Okay, so there was some other stuff in between those two points. But seriously, don't the years just fly?
Thing is, when Liam and I were a young, carefree boyfriend and girlfriend, we were pretty much still kids. But I didn't just fall in love with that fun, lovable youngster - I fell in love with the man he would someday be; the man I saw in him.
And now, nine years later - nearly seven years of marriage, three houses, and nearly three kids later - I'm married to that man.
He's still learning. He's still growing. So am I. So are we all. But that man I saw in my eighteen-year-old best friend... he's here.
I see him in the daddy who loves my children so very much. I see him in the brother who encourages me - and others - from the scriptures. I see him in the man who goes out to work all day, and comes home ready to be present for his family. I see him in the husband who loves, honours, and cherishes his wife. And I see him in the dude who still jokes around like a teenager with his best friend - who just happens to be me.
I'm not one to go on and on about the guy - his hair's big enough; let's not go giving him a head to match. But seriously, he's awesome. And this year, through all the challenges and the trials and the massive leaps of faith, he's been a rock. I never stop being impressed.
My kids sure have got it good. And I'm stoked, cos I know exactly how good it is to have an excellent dad.
This guy, I met when he was about one second old. (Before that, I just knew him as the wriggly kid who kicked my ribs a lot.) He shouted his way into my life, and I had no idea what I was in for. See, I was pretty excellent at being Mummy to a little girl. But a little boy? What's that?

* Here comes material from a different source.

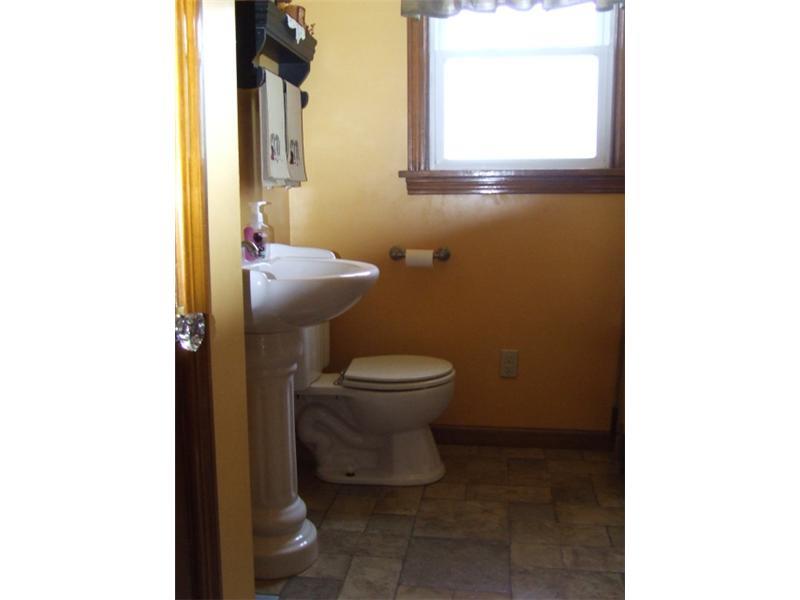 1234 Mission Road Latrobe, PA 15650 - Photo 14 of 16 Full Bath.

I had no idea about tractors or diggers or who Thomas the Tank Engine's friends were. I had no idea how little boys worked. Just... none.
I had no idea how cheekily and completely a little boy could steal a mama's heart.
But maaaan, did I ever learn. I now know each of Thomas's friends by name and defining characteristic. I can sing you the song, if you like. I know not all big yellow things on a construction site are called "diggers".
I know this boy's got me.
And when I look at this little marvel of boyishness, with his love of food and critters and being hilarious, I see more than a toddler with a ton of personality. I see the man in him.
This boy of mine is going to grow up. He's going to become a man, someday. And I'm already in love with the man my son will someday be. I believe in him.
I believe in the kind, affectionate daddy he could be. I believe in him as the faithful, encouraging brother who might comfort and strengthen his brethren. I believe in the good, honourable man he will become. I believe in the sweet, strong, loving husband that lies within him. And I believe in the boncecake who will always love a laugh with those blessed with his friendship.
I see that man - just as I saw a man within that other boy I mentioned.
And I love him already.
Boyz 2 Men. But not the 90s pop group.